杏寿郎がスッと襖を開けると布団を片した綺麗な部屋で着崩さずに槇寿郎は座って読書をしていた。
それに二人とも少し目を大きくするも何も言わず、杏寿郎は自身の傍らに置いた酒に手を遣る。
杏「土産に酒とつまみを買ってきたので今度またお酌をさせて下さい!!」
桜もその言葉に合わせて頭を下げると槇寿郎は二人と酒に柔らかい視線を向けたが、二人の手元を見て口を薄く開いた。

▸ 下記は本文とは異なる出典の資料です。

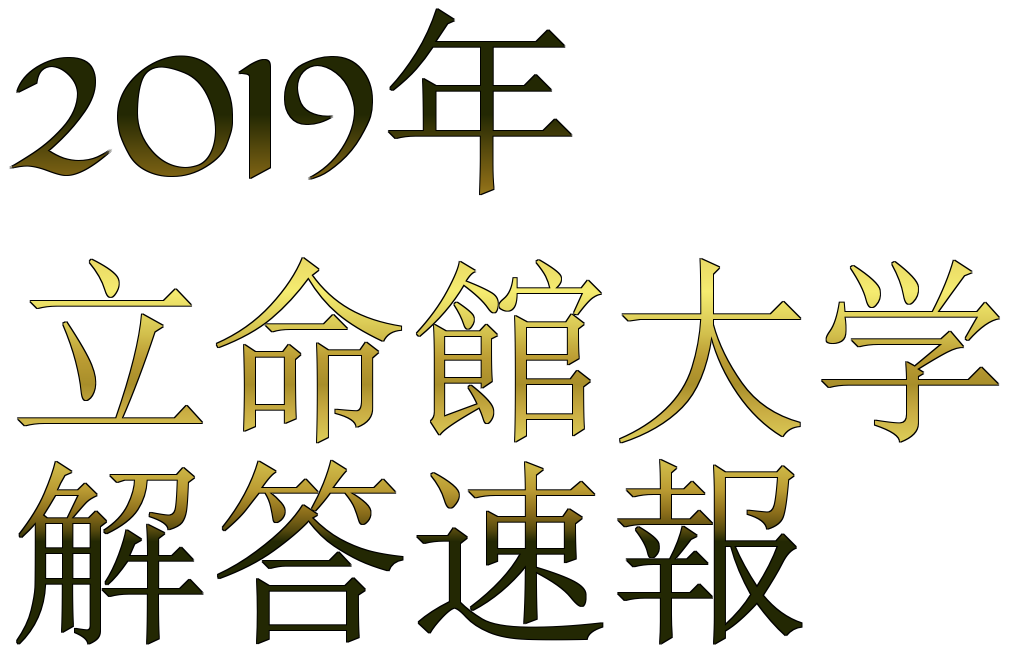 立命 19年立命館大学入試難易度アンケート 難易度 大学受験合格大作戦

槇「お前ら…一度は昼前に帰ると言ったのにこの時間に帰ったのは何故だ。その指輪が理由か。」
その言葉に体を揺らしたのは桜のみで、杏寿郎は相変わらず堂々としている。
杏「はい!!!」
「…やっぱり早く帰って体を休めるべきでしたよ。」
桜は杏寿郎の元気な声に少し責めるような声色を出した。
それを聞くと杏寿郎は眉尻を下げる。
杏「今日は指令が来ていない。見廻りをしたら今夜は体を休めると約束する。」
槇寿郎はそれを聞くと昨夜何か疲れる事があったのだと察し、指輪の事を忘れて更に呆気にとられた。